The issue first arose earlier this year when Snook sought county approval to both expand the house on the property and build an additional 2,500 square feet comprising a barn, the CDU and two ranch buildings for storage and other purposes.

Original approvals for the house and CDU date back to 1994, under previous ownership, although the vested rights linked to those approvals had expired, according to a memo to the county commissioners.

So Snook went to county hearing officer Jim True and won a renewal of the approvals, as well as permission to use transferable development rights to add the 2,500 square feet, including the 1,000-square-foot CDU.

True declined to approve, despite county planners’ recommendations, a requirement that Snook submit to a “covenant … prohibiting commercial agricultural activity on the parcel.” The use of this covenant was added recently to the county’s land-use codes.

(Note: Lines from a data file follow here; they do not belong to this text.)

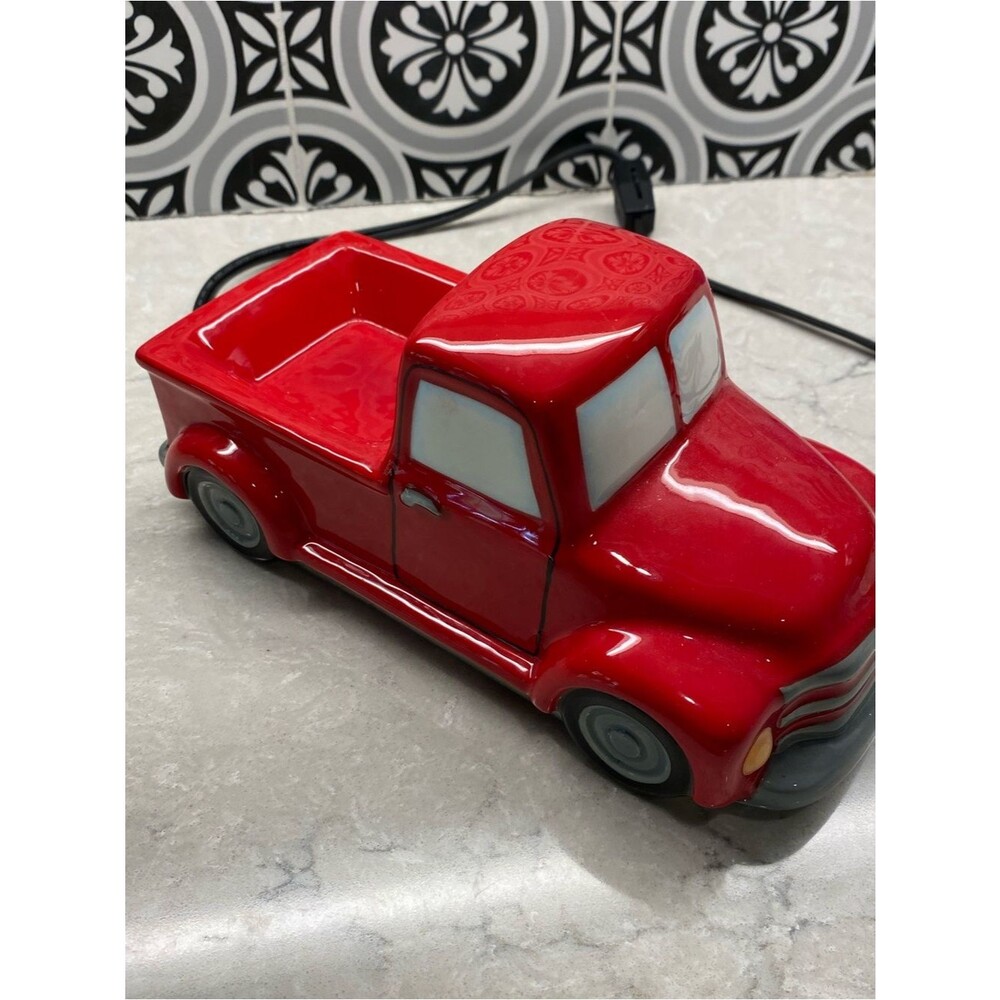 Scentsy Special Delivery Red Truck with Green Christmas Tree - Discontinued - Picture 7 of 8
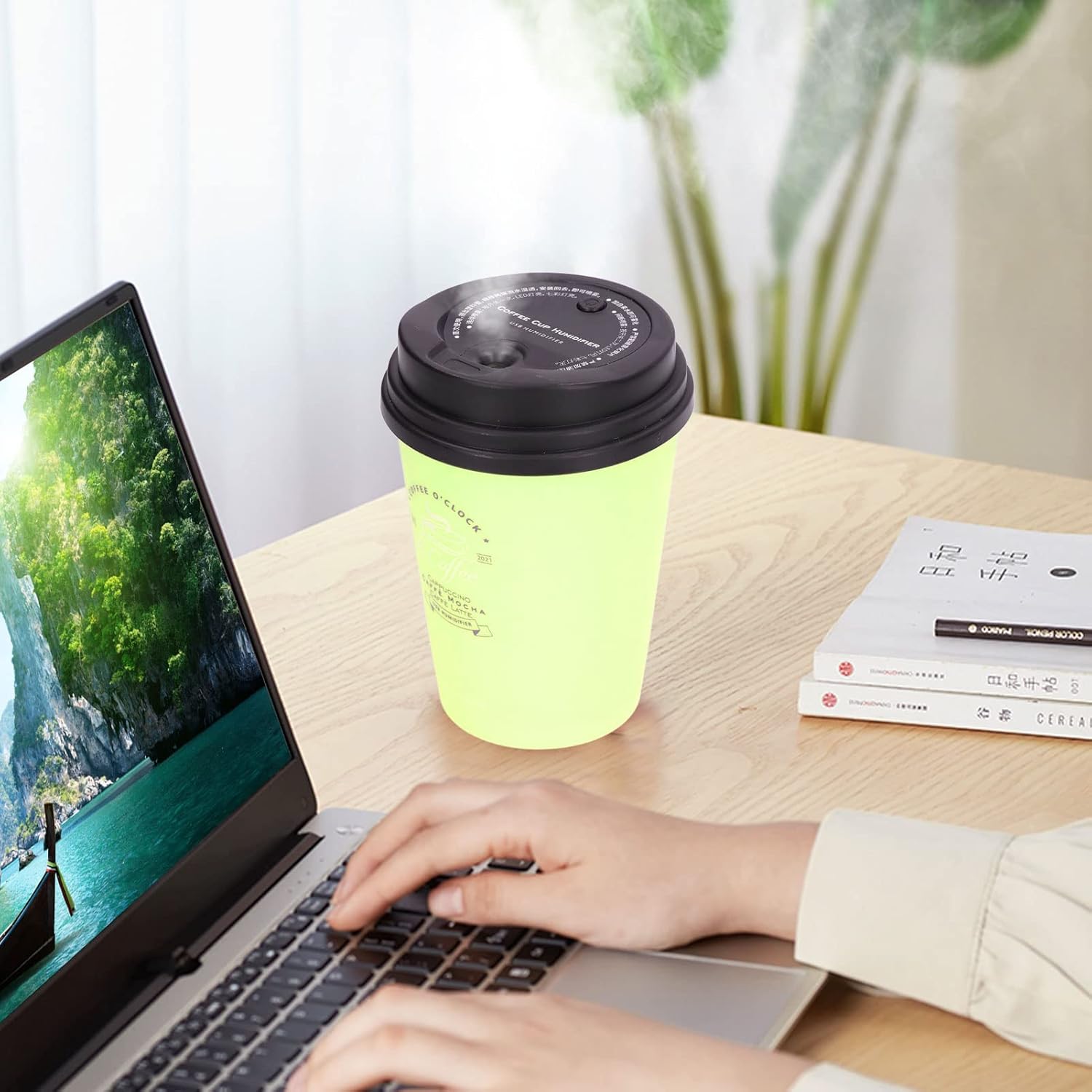 Mini humidificador, taza de café USB de 10.1 fl oz, humidificador de escritorio de apagado automático de bajo ruido, difusor de humidificador para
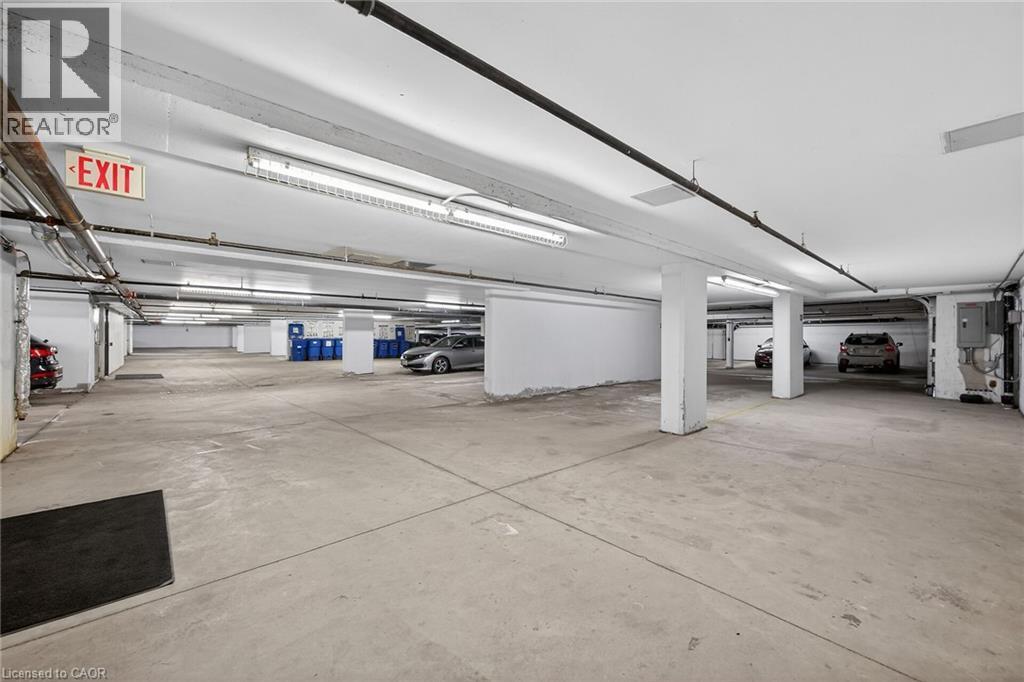 












908 MOHAWK Road E Unit# 308

,
Hamilton,




Ontario
L8T2R8

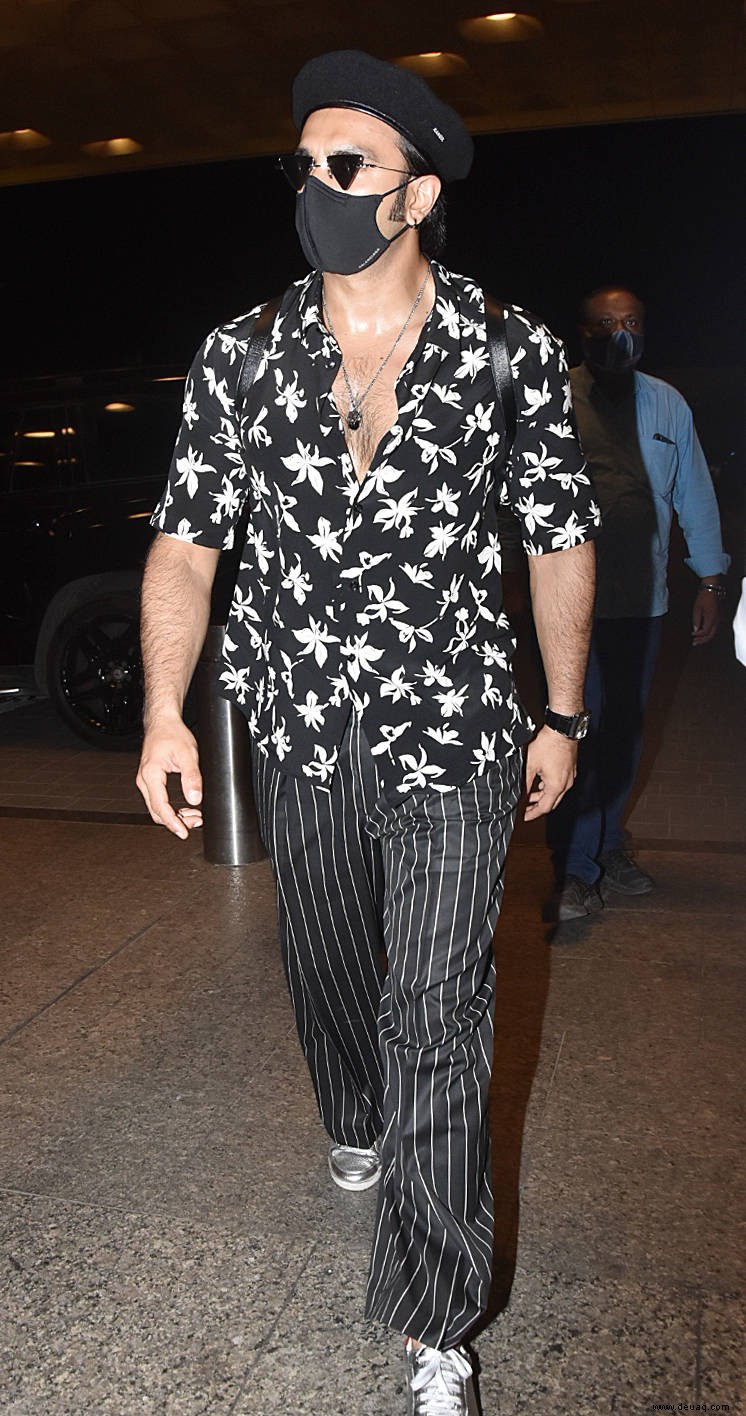 Ranveer Singh stylt sein geblümtes Hemd mit gestreiften Hosen und gibt Style-Lektionen zum Thema Sommerkleidung 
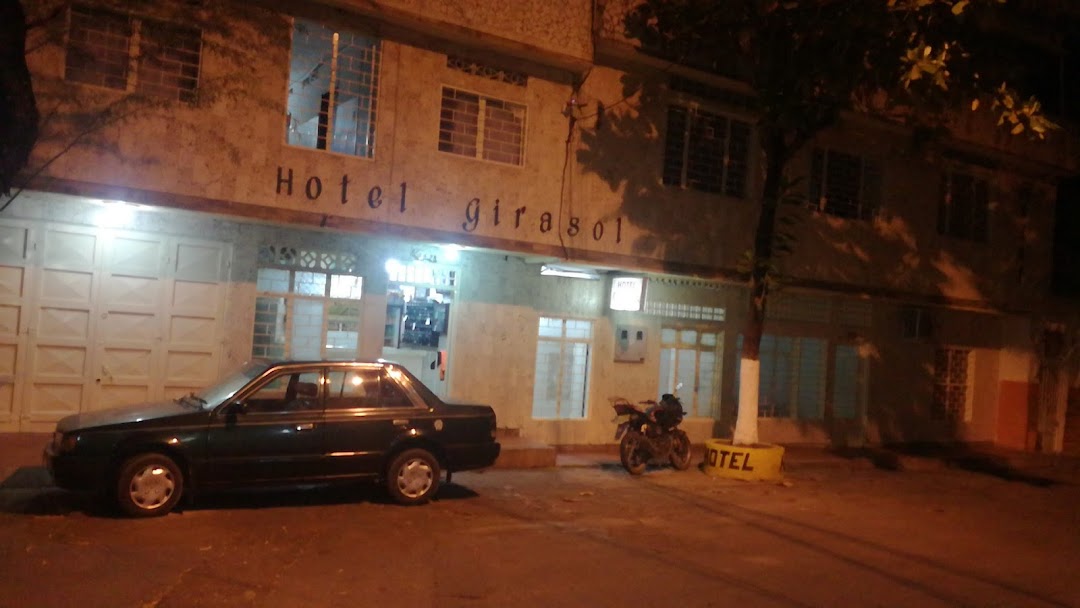 Hotel Girasol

The county has been wrestling for years with landowners who claim their property is agricultural in character, and thereby are taxed at a far lower rate, although the agricultural label frequently is considered to be a fraud and a tax dodge.

The county seeks to prevent the owners of properties that are “second homes, speculative and tourist in nature” from skirting tax laws, Commissioner Rachel Richards said.

County planners maintained that the CDU indicated the use of the land had changed from agricultural to primarily residential, but is still listed on the county tax rolls as the former, planner Suzanne Wolff said.

Planning consultant Alan Richman, speaking for Snook, said the land has been ranched “all the way back to the homesteading era” and that most of the property, except for roughly four acres containing the building sites, is still used to grow hay.

Snook said he has been expanding his herd of Icelandic horses, which he said cannot be ridden or marketed until they reach five years of age. They typically sell for between $25,000 to $200,000 apiece, he said.

“The only reason this condition is being imposed is to provide a basis for the county assessor to withdraw the agricultural status of this parcel,” Richman said in the hearing before True. “My client does not believe that the county has the authority to determine tax status, as a condition of land-use approval.”

True disagreed, saying the county does have the authority to regulate commercial uses on a rural property, but ruled against requiring Snook to sign the covenant, apparently unconvinced that the addition of the CDU by itself represented a fundamental change in how the land was to be used. Cindy Houben, director of the county’s community development department, appealed the decision to the county commissioners, asking the commissioners to overturn True’s ruling and impose the covenant.

The commissioners did find that True committed an error in not acting to ensure the land remained an agricultural use by imposing the covenant.

Instead, the commissioners convinced Snook to accept a provision that the resident of the CDU will “primarily support the agricultural use of the property.”

Beyond Snook’s land, however, the commissioners agreed to host a work session with as many of the attorneys in the audience and landowners as possible to talk about the larger issues involved.

John Clark, a landowner in the Old Snowmass region, said he came to the hearing because he was worried the new covenant indicates that the county now “encourages people to cease commercial agricultural operations on their land.”

Another landowner, Chris Collins, also of Old Snowmass, said he has 800 acres on which he is developing a 15-acre cluster of homes but leaving the remainder as a ranch, with 300 cattle and a large hay crop.

The commissioners vehemently denied any intention to undermine agricultural uses in the county and said they are trying to do the opposite ” encourage the preservation of the county’s rural, agricultural history.

The goal, Commissioner Dorothea Farris said, “is to promote agricultural operations that are truly agricultural operations.”

And Richards, replying to an accusation from attorney Herb Klein, said the county’s goal is not “to keep the tax rolls as high as possible in Pitkin County; it is to keep them as fair as possible.”

No date was set for the work session, and county staffers were instructed to come up with some ideas about how to go about holding such a discussion.